Present them as advanced macros. It's a programming language on its own that is executed during compliation.
I would get them to implement something themselves, then experiment with different variations until they understand it. Learning by doing is almost always the better option with programming.
For example, get them to make a template which compares two values and returns the higher one. Then have them see has passing ints or doubles or whatever still allows it to work. Then get them to tweak the the code / copy it and have it return the minimum value. Again, experiment with variations - will the template allow them to pass an int and a double, or will it complain?
From there, you can have them pass in arrays of whatever type (int, double etc), and have it sort the array from highest to lowest, again encouraging experimentation. From there, start to move into templated class definitions, using the same kind of ideas but on a larger scale. This is pretty much how I learnt about templates, ending up with complex array manipulation classes for generic types.
I'd probably try to demonstrate the power of templates, by demonstrating the annoyance of not using them.

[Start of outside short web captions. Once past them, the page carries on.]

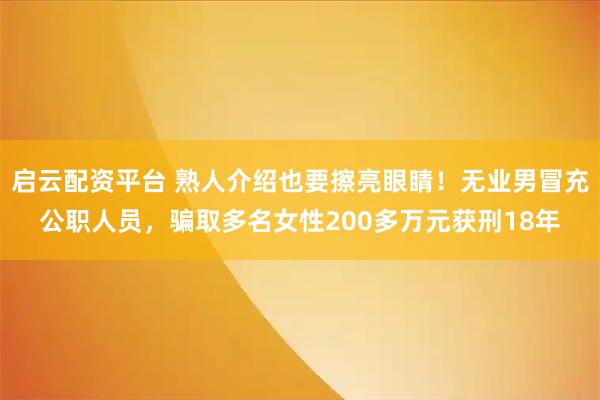 启云配资平台 熟人介绍也要擦亮眼睛！无业男冒充公职人员，骗取多名女性200多万元获刑18年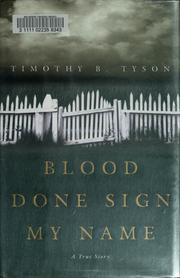 Cover of: Blood done sign my name by Timothy B. Tyson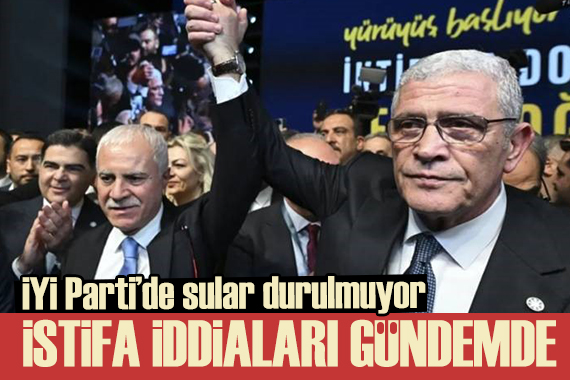 İYİ Parti de sular durulmuyor: İstifa iddiaları gündemde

A good demonstration would be to write something simple like a stack of doubles (hand-written, not STL), with methods push, pop, and foldTopTwo, which pops off and adds together the top two values in the stack, and pushes the new value back on.
Then tell them to do the same for ints (or whatever, just some different numeric type).
Then show them how, by writing this stack as a template, you can significantly reduce the number of lines of code, and all of that horrible duplication.
When I was teaching myself C++ I used this site a lot. It explains templates in depth and very well. I would recommend having them read that and try implementing something simple.
For a shorter explanation: Templates are frameworks for complicated constructs that act on data without having to know what that data is. Give them some examples of a simple template (like a linked-list) and walk through how the template is used to generate the final class.